Web page caption snippets
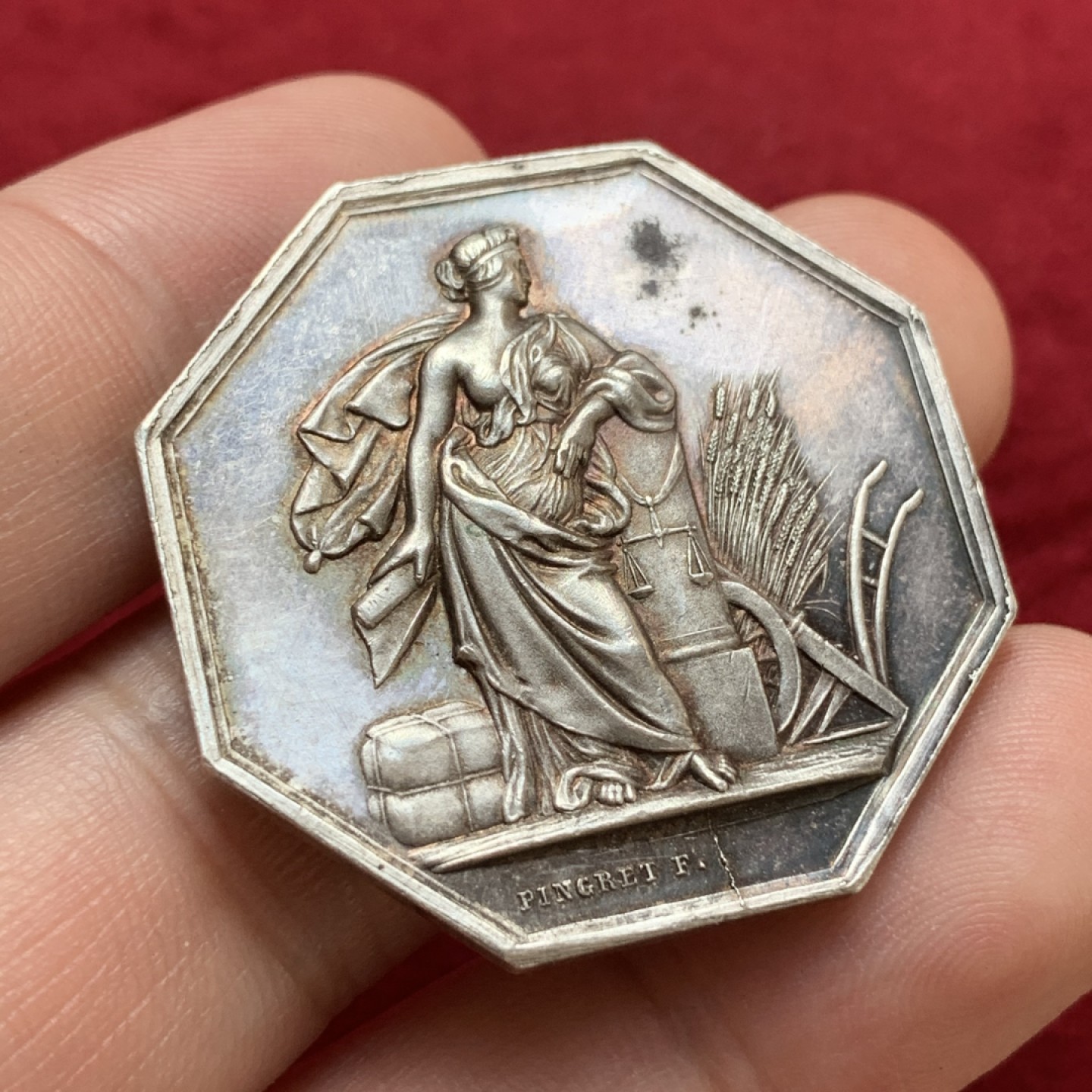 《竞宝斋》第79场-本周日，周一，周四3场拍卖（全场不限金额包邮） 法国 1844年 农业部女神版 JETON银质八角 对角38.9mm，重20.6克 大规格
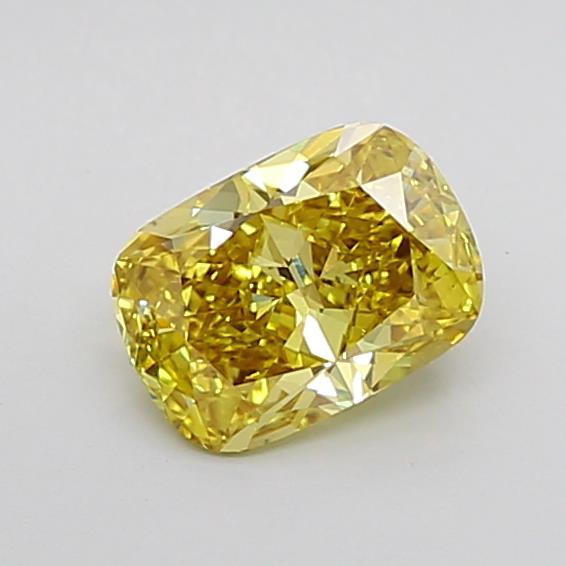 1.16 Ct. Fancy Vivid Yellow Cushion Lab Grown Diamond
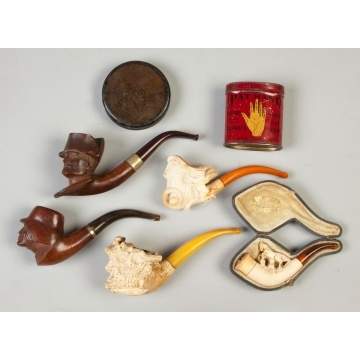 Group of Vintage Carved Meerschaum & Burl Wood Pipes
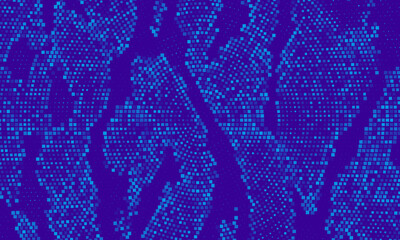 3D blue techno background. Big data visualization on dark space with dotted lines shape effect decoration. Modern graphic design element dots circle style concept for flyer, card, or brochure cover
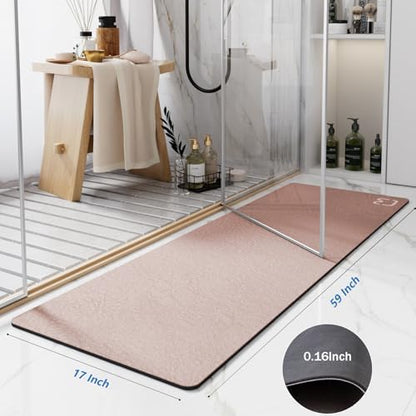 Extra Long Bathroom Runner Stone Bath Mats for Bathroom,17"x59"Blush Pink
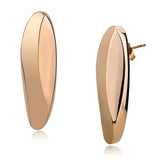 TK3154 - IP Rose Gold(Ion Plating) Stainless Steel Earrings with No Stone - Alamode - Flyclothing LLC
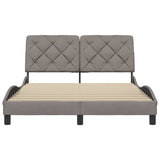 Cadre de lit sans matelas taupe 140x200 cm tissu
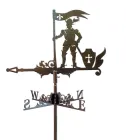 Флюгер на даху з лицарем Кріплення флюгера на торець даху (вітрову дошку) Стара мідь
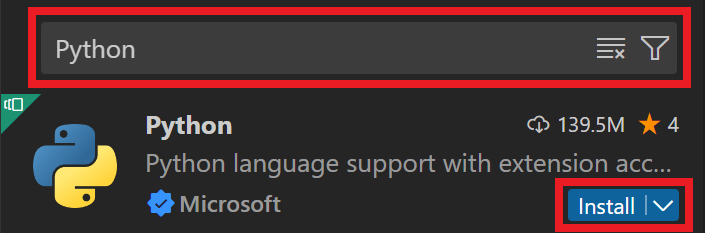 VS Code 확장 프로그램 사이드 메뉴가 열리고 메뉴의 검색창에 Python이 입력되었습니다. 검색 결과는 아래와 같으며, Microsoft Python Extension이 첫 번째로 나열되어 있습니다.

#### WHAT NEEDS TO BE DONE
Transcribe the lines that run from the line bearing "Extra Long Bathroom" through the last line of the data. Keep the wording exact and leave out every picture.

#### PROBLEM SOLUTION
 Extra Long Bathroom Runner Stone Bath Mats for Bathroom,17"x59"Blush Pink
 TK3154 - IP Rose Gold(Ion Plating) Stainless Steel Earrings with No Stone - Alamode - Flyclothing LLC
 Cadre de lit sans matelas taupe 140x200 cm tissu
 Флюгер на даху з лицарем Кріплення флюгера на торець даху (вітрову дошку) Стара мідь
 VS Code 확장 프로그램 사이드 메뉴가 열리고 메뉴의 검색창에 Python이 입력되었습니다. 검색 결과는 아래와 같으며, Microsoft Python Extension이 첫 번째로 나열되어 있습니다.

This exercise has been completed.